MobileRead Forums - View Single Post

Maxiboost · 11-26-2010, 08:44 AM

Hi!

Firstly can I say what a fabulous bit of software Calibre is! Well done to Kovid for what has made life so much easier..

I'm in the same boat as the OP when trying to download articles from Instapaper. It varies how many articles are actually downloaded. For instance, the first time I downloaded a bunch of articles the filesize was 4.3MB - a few minutes later when I tried again the size was 0.8MB and only a handful! I tried this a few days later and the same 0.8mb file was downloaded.
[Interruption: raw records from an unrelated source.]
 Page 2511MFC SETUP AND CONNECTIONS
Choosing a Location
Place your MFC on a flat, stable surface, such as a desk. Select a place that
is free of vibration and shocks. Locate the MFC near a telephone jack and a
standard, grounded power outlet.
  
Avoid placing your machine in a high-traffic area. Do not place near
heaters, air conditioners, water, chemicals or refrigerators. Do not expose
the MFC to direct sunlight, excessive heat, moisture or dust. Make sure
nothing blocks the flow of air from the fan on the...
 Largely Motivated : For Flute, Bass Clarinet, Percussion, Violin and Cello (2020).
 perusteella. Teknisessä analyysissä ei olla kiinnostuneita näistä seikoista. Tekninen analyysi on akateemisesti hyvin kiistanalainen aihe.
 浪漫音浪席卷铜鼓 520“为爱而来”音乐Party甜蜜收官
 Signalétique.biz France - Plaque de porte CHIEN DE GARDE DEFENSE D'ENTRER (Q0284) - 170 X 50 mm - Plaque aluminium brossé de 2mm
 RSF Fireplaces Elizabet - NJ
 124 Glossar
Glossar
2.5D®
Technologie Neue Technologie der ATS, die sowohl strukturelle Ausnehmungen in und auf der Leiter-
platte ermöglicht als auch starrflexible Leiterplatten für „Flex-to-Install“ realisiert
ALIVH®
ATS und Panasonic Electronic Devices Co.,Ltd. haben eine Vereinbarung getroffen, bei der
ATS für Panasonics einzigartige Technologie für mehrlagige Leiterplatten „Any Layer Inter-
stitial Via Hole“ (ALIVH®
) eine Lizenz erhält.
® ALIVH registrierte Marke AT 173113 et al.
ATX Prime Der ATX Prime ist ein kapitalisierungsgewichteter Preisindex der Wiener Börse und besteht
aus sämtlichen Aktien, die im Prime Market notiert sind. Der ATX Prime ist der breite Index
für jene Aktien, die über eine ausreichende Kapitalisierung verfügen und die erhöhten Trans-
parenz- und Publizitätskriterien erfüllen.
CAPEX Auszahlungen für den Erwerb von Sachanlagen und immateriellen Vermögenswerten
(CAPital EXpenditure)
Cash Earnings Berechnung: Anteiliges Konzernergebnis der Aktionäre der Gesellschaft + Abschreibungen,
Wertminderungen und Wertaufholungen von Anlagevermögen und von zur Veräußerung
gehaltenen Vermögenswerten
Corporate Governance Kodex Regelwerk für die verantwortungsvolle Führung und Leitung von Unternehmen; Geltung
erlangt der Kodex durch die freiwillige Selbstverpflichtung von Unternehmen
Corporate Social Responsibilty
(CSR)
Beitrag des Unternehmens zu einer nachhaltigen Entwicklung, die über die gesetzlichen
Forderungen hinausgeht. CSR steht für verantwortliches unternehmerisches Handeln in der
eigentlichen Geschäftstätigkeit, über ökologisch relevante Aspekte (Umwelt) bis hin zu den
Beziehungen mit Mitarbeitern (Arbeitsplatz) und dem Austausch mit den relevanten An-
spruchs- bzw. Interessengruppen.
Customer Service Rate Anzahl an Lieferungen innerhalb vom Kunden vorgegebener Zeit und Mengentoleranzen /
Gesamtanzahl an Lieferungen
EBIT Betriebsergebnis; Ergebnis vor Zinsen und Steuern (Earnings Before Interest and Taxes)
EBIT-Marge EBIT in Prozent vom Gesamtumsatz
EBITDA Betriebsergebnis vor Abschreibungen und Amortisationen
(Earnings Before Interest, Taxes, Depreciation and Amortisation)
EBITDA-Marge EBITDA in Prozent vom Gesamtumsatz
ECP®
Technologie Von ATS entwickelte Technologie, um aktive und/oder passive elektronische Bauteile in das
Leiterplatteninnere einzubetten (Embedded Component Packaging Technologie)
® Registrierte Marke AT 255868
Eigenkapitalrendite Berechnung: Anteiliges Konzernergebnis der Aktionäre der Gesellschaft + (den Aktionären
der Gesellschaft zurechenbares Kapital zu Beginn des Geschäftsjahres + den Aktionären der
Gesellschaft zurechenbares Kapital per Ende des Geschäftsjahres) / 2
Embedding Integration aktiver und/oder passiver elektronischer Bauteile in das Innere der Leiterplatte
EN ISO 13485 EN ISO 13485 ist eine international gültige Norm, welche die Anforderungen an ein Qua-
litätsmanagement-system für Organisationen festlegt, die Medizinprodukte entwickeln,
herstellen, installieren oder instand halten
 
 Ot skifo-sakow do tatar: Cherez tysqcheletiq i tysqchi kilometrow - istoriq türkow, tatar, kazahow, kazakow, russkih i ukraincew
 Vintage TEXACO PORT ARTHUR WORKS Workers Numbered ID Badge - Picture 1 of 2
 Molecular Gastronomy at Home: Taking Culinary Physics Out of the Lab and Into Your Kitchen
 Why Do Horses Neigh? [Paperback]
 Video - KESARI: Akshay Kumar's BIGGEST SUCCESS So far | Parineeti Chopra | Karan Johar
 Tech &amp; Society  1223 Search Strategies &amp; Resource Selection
Do you think this is a Calibre issue or an Instapaper one? The recipe is as follows:

Code:

__license__   = 'GPL v3'
__copyright__ = '2009-2010, Darko Miletic <darko.miletic at gmail.com>'
'''
www.instapaper.com
'''

import urllib
from calibre import strftime
from calibre.web.feeds.news import BasicNewsRecipe

class Instapaper(BasicNewsRecipe):
    title                 = 'The KindleMagic Daily'
    __author__            = 'Unknown'
    description           = '''Personalized news feeds. Go to instapaper.com to
                               setup up your news. Fill in your instapaper
                               username, and leave the password field
                               below blank.'''
    publisher             = 'Instapaper.com'
    category              = 'news, custom'
    oldest_article        = 50
    max_articles_per_feed = 100
    no_stylesheets        = True
    use_embedded_content  = False
    needs_subscription    = True
    INDEX                 = u'http://www.instapaper.com'
    LOGIN                 = INDEX + u'/user/login'

    conversion_options = {
                          'comment'   : description
                        , 'tags'      : category
                        , 'publisher' : publisher
                        }

    feeds = [
              (u'Uncategorised articles' , INDEX + u'/u')
             ,(u'Starred articles', INDEX + u'/starred')
	   ,(u'News', INDEX + u'/u/folder/number_removed/news')
	   ,(u'Sport', INDEX + u'/u/folder/number_removed/sport') 
	   ,(u'Technology', INDEX + u'/u/folder/number_removed/technology')
	   ,(u'Gaming', INDEX + u'/u/folder/number_removed/gaming')
	   ,(u'Comment', INDEX + u'/u/folder/number_removed/comment') 
	   ,(u'Gossip/Rubbish', INDEX + u'/u/folder/number_removed/gossip-rubbish')

]

    def get_browser(self):
        br = BasicNewsRecipe.get_browser()
        if self.username is not None:
            br.open(self.LOGIN)
            br.select_form(nr=0)
            br['username'] = self.username
            if self.password is not None:
               br['password'] = self.password
            br.submit()
        return br

    def parse_index(self):
        totalfeeds = []
        lfeeds = self.get_feeds()
        for feedobj in lfeeds:
            feedtitle, feedurl = feedobj
            self.report_progress(0, _('Fetching feed')+' %s...'%(feedtitle if feedtitle else feedurl))
            articles = []
            soup = self.index_to_soup(feedurl)
            for item in soup.findAll('div', attrs={'class':'titleRow'}):
                description = self.tag_to_string(item.div)
                atag = item.a
                if atag and atag.has_key('href'):
                    url         = atag['href']
                    title       = self.tag_to_string(atag)
                    date        = strftime(self.timefmt)
                    articles.append({
                                      'title'      :title
                                     ,'date'       :date
                                     ,'url'        :url
                                     ,'description':description
                                    })
            totalfeeds.append((feedtitle, articles))
        return totalfeeds

    def print_version(self, url):
        return self.INDEX + '/text?u=' + urllib.quote(url)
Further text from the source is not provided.